Fri Nov 8 13:38:48 PST 2019

jdoerfert marked an inline comment as done.
jdoerfert added inline comments.

================
Comment at: clang/test/OpenMP/barrier_codegen.cpp:22
+// CLANGCG-NOT: readonly
+// IRBUILDER:      ; Function Attrs: nofree nosync nounwind readonly
+// IRBUILDER-NEXT: declare i32 @__kmpc_global_thread_num(%struct.ident_t*)
----------------
ABataev wrote:
> jdoerfert wrote:
> > ABataev wrote:
> > > jdoerfert wrote:
> > > > ABataev wrote:
> > > > > jdoerfert wrote:
> > > > > > ABataev wrote:
> > > > > > > Not sure about correct use of `nosync` and `readonly` attributes. OpenMP runtime uses lazy initialization of the runtime library and when any runtime function is called, the inner parts of the OpenMP runtime are initialized automatically. It may use some sync primitives and may modify memory, I assume. Same about `nofree`.

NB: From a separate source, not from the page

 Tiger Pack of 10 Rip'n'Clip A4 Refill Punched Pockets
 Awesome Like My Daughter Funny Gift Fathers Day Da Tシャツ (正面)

> > > > > > There are two versions of these functions, host and device. I assume host functions are not inlined but device functions might be. This is basically all the modes we support right now.
> > > > > > 
> > > > > > If we do not inline the function (host) we don't necessarily care what they do but what effect the user can expect.

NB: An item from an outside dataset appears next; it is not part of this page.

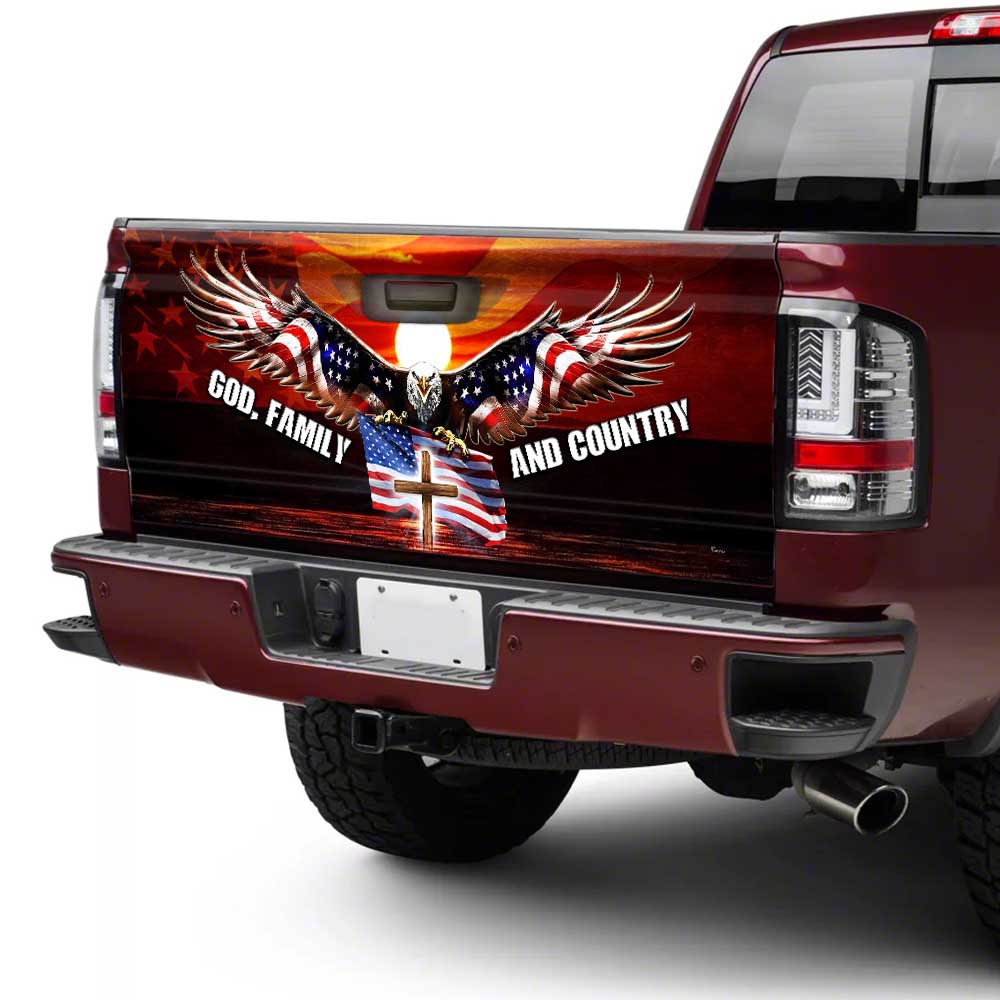 God, Family And Country American Eagle Truck Tailgate Decal Sticker Wrap THH3176TD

> > > > > > The user can not expect to synchronize through `__kmpc_global_thread_num` calls in a defined way, thus `nosync`.
> > > > > > Similarly, from the users perspective there is no way to determine if something was written or freed, no matter how many of these calls I issue and under which control conditions, all I see is the number as a result. Thus, `readonly` and `nofree`. I believe `readnone` is even fine here but it might not work for the device version (see below) so I removed it.
> > > > > > 
> > > > > > If we do inline the function (device) we need to make sure the attributes are compatible with the inlined code to not cause UB. The code of `__kmpc_global_thread_num` at least does not write anything and only reads stuff (as far as I can tell).
> > > > > > 
> > > > > > Please correct me if I overlooked something. 
> > > > > But someone may try to inline the host-based runtime or try to use LTO with it.
> > > > > The question is not about the user expectations but about the optimizations which can be triggered with these attributes.
> > > > This is our runtime and we have supported and unsupported usage models.
> > > Hmm, I don't think this the right approach. Plus, you still did not answer about optimizations. Maybe, currently, these attributes won't trigger dangerous optimizations but they can do this in the future and it may lead to unpredictable results. I would use the pessimistic model here rather than over-optimistic.
> > I did (try to) describe why there cannot be any problems wrt. optimizations:
> > The specified behavior of the runtime call is _as if_ it is `readonly`, `nofree`, and `nosync`.
> > That is, from the perspective of the compiler this is true and optimizations are allowed to use that fact.
> >  
> > The fact that the first ever runtime call initializes the runtime is neither part of the specification nor of the observable behavior. If we change the order between two call to `__kmpc_global_thread_num`, or similar calls, we cannot observe if/which one initialized the runtime and which read only stuff.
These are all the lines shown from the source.